Brooklyn Comedy Company
Mon., Jan. 31
A comedy scene grows in Brooklyn, and not of the wiry-rimmed, hipster variety, either. It's the brainchild of a 26-year-old Bed-Stuy native, Elon James White. In November, White banded together a bunch of his friends and favorite local comics to form the Brooklyn Comedy Company. Since then, he's hosted a weekly stand-up show at the Ripple Bar in Prospect Heights. Though under the radar, recent shows have been standing-room only.
"The whole point was that I was tired of the comedy nonsense in New York," he said on a recent Monday night, his hulking frame draped in an orange hooded sweatshirt. "If you don't know 20 people in New York, you're not gonna get any stage time."
Many of the larger comedy clubs in Manhattan operate on the bring-your-own-crowd rule. "Here's there're no weird policies like that," says White. "No five-person minimum. [We're just] here to do comedy for comedy's sake."

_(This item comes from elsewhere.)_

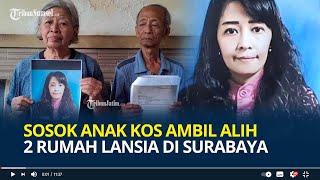 Sosok Tri Ratna Dewi, Anak Kos Ambil Alih 2 Rumah Lansia di Surabaya, Janji Urus Malah Ganti Nama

The audience at the Ripple Bar is mostly young and African-American (when I entered, one of the comedians pointed at me and said, "Don't worry, no one's gonna?" then made his hand into a gun and pointed it at his head).
The bar is handsomely outfitted; a requisite brick wall is wallpapered in cartoon caricatures. Ceiling fans keep the air breathable. The stage, coated in orange and aqua blue paint, is small and intimate. But with seating sparse, White has considered expanding to a larger venue and is in talks with the Lower East Side's Laugh Lounge.
"I like the idea of 'you give us a venue and we'll run it,'" he put it bluntly.
So far the funding for the BcCo has come mostly from White's own wallet. But what he calls a "labor of love" for now could soon turn profitable. After all, says Dafina McMillan, a BcCo publicist, there's definitely demand for more comedy-and comedy venues-in Brooklyn.
"It's kind of lacking here," she says. "Usually I always have to go to Manhattan and pay a two-drink minimum."
BcCo's shows have no cover charge or drink minimums. Comics work for free and come from all boroughs and ethnic backgrounds. Still, the performer who generated the most laughs at a recent performance, hands-down, was Wil Sylvince, a Haitian comic from Brooklyn.
And as he succinctly put it to the three white people in the audience, "Support anything black you can. After all, we supported you for the past 400 years."
Ripple Bar, 769 Washington Ave. (betw. St. Johns & Lincoln Pls.), Brooklyn, 347-866-8266; 8:30; free.